# capillaria treatment?



## gtg287y (Dec 2, 2012)

My vet confirmed parasites in one of my sick birds, specifically capillaria. I'll be picking up medicine for the sick bird tomorrow, but I was told that I could get over the counter medicine for the rest of the flock (who are likely infected as well). 

I have NO idea where I could get this OTC medication...the only hit on Amazon looks SUPER sketchy (it's a "miracle cure...without side effects", and also without an ingredient list). 

Has anyone treated their birds for this in the past? Where do you buy medicine? What places online are reputable?


----------



## c.hert (Jan 15, 2010)

Try Foys Pigeon Supply and the toll free number is: 1-877-355-7727
The internet is: foyspigeonsupplies.com They are based out of Beaver Falls, Pa. They will ship if needed the merchandize...Their paper is catalog is about five dollars and well worth it...There are other Pigeon Supply companies as well on the net.. Just a starter..


----------



## gtg287y (Dec 2, 2012)

c.hert said:


> T
> Try Foys Pigeon Supply and the toll free number is: 1-877-355-7727
> The internet is: foyspigeonsupplies.com They are based out of Beaver Falls, Pa. They will ship if needed the merchandize...Their paper is catalog is about five dollars and well worth it...There are other Pigeon Supply companies as well on the net.. Just a starter..


You sure they are based out of Pennsylvania? Their website is all about Ireland. Not sure I'd want to pay for international shipping....


----------



## c.hert (Jan 15, 2010)

Their address is :

Foy's Pigeon Suppies
3185 Bennett's Road Run Road
Beaver Falls, Pa. 15010-5270

Oldest Bird Supply company since 1887


----------



## Jay3 (May 4, 2008)

Did he say what they actually were? Roundworms? What you treat with would depend on what kind of worms they are.
Here's an article you might want to read:


The Condition

The Capillaria species of nematode, or roundworm, are intestinal worms that can cause severe symptoms such as diarrhoea, weakness, weight loss and a drop in egg production. The condition is sometimes referred to as capillariasis. There are several species of Capillaria, and they cause paralysis of different parts of the alimentary tract, including the crop, oesophagus and the intestinal tract. Commonly, the Capillaria species are referred to as the threadworm or hairworm, and they can be highly pathogenic, causing severe disease.

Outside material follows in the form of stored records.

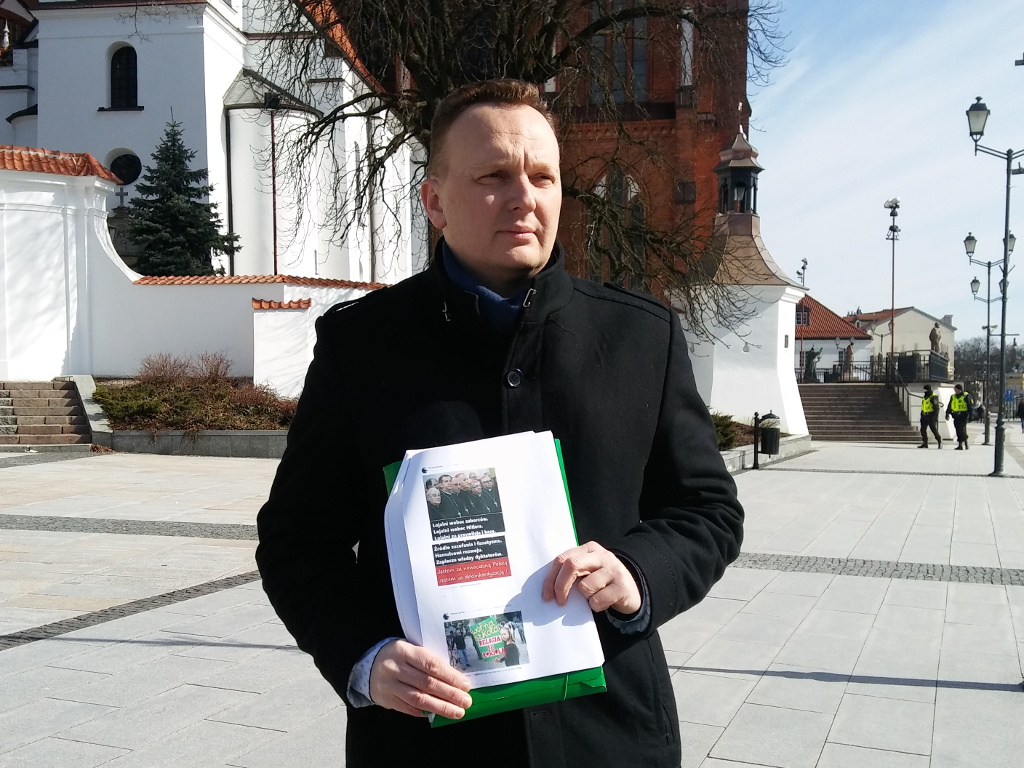Sprawa białostockiego radnego znów wraca do Podlaskiego Kuratorium Oświaty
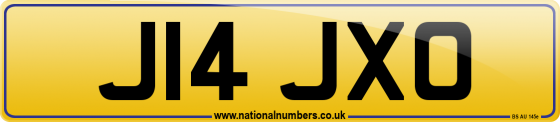 J14 JXO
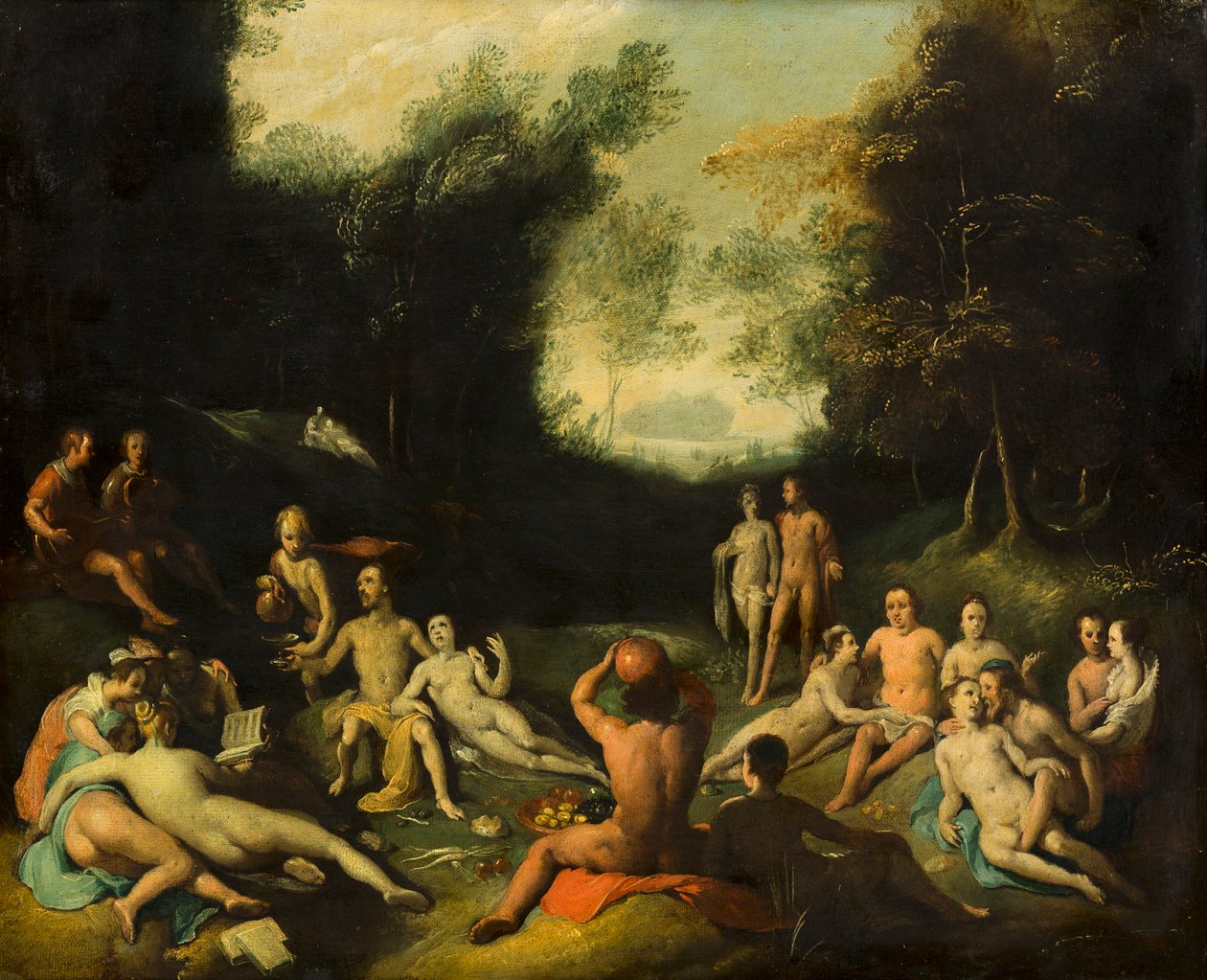 La dépravation de l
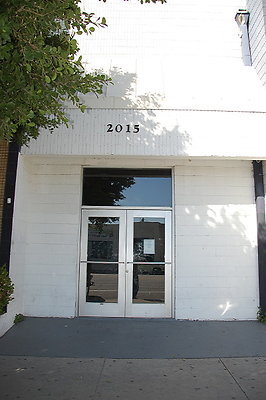 Hollenbeck Youth Center.Boxing01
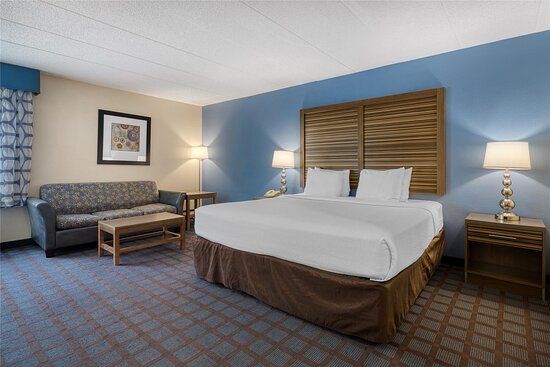 Best Western Fishers Indianapolis Area — Guest room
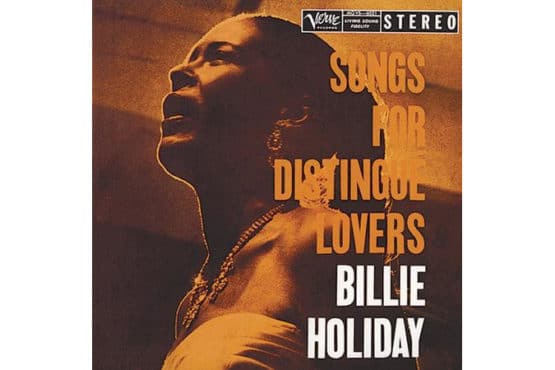 Billie Holiday - Songs For Distingue Lovers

The Capillaria are a small species of worms, and some tend to be restricted to free-range birds, as the intermediate host is the earthworm. Others have a more direct life cycle. Capillaria bursata is found only in chickens and its life cycle is dependent on the earthworm as an intermediate host. Capillaria caudinflata has a similar life cycle and can be found in a number of domestic poultry species. Capillaria obsignata can be a problem in deep-litter systems. This worm does not have an intermediate host and can be found in a number of poultry species.

The main site of infection of C. bursata, C. caudinflata and C. obsignata is the small intestine. Capillaria anatis is a parasite of the caecum and is found mainly in ducks. The main species afflicting turkeys and game birds are C. annulata and C. contorta. Capillaria obsignata (53.6%), Capillaria anatis (31.9%) and Capillaria caudinflata (1.5%) have been found in organic/free range systems in Denmark (Permin et al, 1999). Amongst Dutch organic poultry farms, Capillaria, along with coccidiosis, was the second most prevalent internal parasite, being present in 30% of the faeces samples examined (Iepema et al.,2006)..

Capillaria obsignata has a direct development. Freshly deposited eggs require 6-8 days to develop completely formed embryos. The eggs remain infective for a period of up to 14 days. Following the ingestion of the worm eggs from the pasture, the embryo escapes from the egg and completes its development in the duodenum of the host bird. Birds infected with C. obsignata spend much of their time apart from the rest of the flock, huddled on the ground or corner of the house. They develop diarrhoea and the feathers are ruffled. These first clinical symptoms are noted at approximately 12 days after infection.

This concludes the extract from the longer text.